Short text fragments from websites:
┄┄┄┄┄┄┄┄┄┄┄┄┄┄┄┄┄┄┄┄
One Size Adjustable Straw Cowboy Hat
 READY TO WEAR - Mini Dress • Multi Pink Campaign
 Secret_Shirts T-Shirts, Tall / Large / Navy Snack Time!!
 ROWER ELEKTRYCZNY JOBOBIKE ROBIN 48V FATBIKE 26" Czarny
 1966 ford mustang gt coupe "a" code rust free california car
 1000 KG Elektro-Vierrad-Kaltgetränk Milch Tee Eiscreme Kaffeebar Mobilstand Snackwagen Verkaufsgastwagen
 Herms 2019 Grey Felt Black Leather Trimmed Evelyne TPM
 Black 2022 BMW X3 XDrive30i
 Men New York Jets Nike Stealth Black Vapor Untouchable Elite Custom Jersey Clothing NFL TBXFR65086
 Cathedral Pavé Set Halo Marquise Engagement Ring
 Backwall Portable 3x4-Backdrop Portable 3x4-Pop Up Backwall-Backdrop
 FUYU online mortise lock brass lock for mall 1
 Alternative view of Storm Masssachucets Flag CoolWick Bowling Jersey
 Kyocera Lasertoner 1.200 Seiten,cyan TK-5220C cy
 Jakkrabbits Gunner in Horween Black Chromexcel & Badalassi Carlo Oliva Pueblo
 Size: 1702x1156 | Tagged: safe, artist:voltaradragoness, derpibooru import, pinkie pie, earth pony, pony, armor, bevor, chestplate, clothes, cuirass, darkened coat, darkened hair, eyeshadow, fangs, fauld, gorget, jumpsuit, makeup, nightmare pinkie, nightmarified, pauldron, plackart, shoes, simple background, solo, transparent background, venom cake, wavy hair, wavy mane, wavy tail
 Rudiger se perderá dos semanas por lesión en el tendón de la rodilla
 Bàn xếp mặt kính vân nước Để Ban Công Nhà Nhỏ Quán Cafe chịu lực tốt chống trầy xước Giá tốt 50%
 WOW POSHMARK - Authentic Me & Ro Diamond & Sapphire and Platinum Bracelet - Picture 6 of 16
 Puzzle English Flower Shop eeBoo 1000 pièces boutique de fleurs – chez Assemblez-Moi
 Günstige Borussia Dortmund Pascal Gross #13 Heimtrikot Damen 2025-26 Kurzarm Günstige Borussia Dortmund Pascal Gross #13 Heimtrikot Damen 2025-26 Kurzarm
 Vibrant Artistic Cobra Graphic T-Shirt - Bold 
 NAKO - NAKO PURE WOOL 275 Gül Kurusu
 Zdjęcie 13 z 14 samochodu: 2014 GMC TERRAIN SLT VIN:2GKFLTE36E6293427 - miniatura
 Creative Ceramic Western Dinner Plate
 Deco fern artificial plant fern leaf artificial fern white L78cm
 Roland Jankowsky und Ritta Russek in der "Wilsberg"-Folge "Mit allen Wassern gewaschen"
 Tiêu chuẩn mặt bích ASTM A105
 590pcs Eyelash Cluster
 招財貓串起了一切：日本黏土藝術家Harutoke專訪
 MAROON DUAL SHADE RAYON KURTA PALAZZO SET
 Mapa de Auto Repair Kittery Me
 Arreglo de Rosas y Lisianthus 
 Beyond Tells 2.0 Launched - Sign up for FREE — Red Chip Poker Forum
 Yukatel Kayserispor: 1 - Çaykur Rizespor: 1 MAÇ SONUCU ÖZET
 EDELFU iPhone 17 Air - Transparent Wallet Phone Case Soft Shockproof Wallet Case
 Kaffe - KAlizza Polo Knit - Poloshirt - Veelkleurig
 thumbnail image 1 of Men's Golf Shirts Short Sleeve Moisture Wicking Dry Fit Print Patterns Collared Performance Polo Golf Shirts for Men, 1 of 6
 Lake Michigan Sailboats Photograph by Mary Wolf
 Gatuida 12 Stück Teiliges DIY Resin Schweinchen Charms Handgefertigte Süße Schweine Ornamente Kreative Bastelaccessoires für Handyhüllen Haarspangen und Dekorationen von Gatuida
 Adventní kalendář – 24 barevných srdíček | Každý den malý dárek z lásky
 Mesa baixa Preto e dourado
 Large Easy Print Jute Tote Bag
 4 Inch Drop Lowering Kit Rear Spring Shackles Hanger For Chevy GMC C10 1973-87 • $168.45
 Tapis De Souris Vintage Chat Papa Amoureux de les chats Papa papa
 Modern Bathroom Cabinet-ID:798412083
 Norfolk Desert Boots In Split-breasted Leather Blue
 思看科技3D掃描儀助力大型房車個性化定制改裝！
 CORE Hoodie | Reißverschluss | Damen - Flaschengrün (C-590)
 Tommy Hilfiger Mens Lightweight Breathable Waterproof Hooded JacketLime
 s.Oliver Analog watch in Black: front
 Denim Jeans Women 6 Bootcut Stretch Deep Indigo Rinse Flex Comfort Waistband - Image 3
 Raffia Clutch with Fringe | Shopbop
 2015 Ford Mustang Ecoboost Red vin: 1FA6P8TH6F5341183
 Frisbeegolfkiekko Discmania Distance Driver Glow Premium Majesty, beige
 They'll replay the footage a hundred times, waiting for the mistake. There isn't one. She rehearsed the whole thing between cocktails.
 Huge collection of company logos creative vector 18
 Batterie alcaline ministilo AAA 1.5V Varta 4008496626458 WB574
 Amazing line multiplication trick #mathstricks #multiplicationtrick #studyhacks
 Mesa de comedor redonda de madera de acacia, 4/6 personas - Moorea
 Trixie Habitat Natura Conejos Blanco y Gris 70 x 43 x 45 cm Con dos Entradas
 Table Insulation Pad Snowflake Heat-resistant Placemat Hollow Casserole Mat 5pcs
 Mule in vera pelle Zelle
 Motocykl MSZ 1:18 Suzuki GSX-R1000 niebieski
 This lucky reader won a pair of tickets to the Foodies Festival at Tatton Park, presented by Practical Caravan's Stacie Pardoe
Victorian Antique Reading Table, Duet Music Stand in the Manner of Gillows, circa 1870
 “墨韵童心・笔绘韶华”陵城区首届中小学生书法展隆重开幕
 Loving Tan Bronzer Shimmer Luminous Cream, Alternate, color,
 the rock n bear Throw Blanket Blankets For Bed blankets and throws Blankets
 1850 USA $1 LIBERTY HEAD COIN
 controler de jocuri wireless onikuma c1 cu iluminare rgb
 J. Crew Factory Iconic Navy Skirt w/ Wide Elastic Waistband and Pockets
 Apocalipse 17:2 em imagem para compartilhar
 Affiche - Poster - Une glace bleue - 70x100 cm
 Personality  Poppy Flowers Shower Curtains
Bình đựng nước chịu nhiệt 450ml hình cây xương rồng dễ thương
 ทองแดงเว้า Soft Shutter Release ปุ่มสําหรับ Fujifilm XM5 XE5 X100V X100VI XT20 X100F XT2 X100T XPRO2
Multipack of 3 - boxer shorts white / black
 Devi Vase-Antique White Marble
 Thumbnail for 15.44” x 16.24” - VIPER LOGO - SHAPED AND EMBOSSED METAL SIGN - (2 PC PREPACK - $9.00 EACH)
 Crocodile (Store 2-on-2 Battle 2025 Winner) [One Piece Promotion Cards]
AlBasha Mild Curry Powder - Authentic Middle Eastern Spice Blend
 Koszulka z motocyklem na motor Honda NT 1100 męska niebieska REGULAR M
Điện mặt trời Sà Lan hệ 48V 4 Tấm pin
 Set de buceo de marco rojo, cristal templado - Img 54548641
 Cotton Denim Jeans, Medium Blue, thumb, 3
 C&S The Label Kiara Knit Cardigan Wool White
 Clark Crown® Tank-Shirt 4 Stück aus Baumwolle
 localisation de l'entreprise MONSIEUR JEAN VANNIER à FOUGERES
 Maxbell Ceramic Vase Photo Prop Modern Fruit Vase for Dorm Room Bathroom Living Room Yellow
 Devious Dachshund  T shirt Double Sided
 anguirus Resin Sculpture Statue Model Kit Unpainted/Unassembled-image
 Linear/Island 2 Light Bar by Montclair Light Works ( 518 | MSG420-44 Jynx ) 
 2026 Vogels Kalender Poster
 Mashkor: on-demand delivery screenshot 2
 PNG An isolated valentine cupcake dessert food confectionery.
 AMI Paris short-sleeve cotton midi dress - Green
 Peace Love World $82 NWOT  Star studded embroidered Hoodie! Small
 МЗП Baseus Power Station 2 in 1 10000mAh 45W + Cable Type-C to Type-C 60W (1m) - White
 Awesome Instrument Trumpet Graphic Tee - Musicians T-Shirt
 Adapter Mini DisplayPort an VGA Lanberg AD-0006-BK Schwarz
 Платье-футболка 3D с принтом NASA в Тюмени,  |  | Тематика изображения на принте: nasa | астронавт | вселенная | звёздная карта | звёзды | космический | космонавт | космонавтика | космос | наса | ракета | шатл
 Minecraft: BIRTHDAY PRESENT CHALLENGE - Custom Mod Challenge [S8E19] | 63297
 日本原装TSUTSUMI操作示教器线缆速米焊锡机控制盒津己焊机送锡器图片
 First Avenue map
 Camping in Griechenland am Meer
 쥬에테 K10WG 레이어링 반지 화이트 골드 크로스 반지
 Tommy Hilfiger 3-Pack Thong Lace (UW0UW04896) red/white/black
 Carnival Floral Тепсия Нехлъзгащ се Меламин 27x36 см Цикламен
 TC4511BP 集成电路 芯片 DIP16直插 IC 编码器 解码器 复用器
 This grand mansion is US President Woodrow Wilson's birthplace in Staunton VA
┄┄┄┄┄┄┄┄┄┄┄┄┄┄┄┄┄┄┄┄
What is needed: Of the entries listed above, reproduce only the lines starting at the line containing "Roland Jankowsky und" and ending at the line containing "Yukatel Kayserispor: 1". Include both, exactly as they stand.

Response area:
 Roland Jankowsky und Ritta Russek in der "Wilsberg"-Folge "Mit allen Wassern gewaschen"
 Tiêu chuẩn mặt bích ASTM A105
 590pcs Eyelash Cluster
 招財貓串起了一切：日本黏土藝術家Harutoke專訪
 MAROON DUAL SHADE RAYON KURTA PALAZZO SET
 Mapa de Auto Repair Kittery Me
 Arreglo de Rosas y Lisianthus 
 Beyond Tells 2.0 Launched - Sign up for FREE — Red Chip Poker Forum
 Yukatel Kayserispor: 1 - Çaykur Rizespor: 1 MAÇ SONUCU ÖZET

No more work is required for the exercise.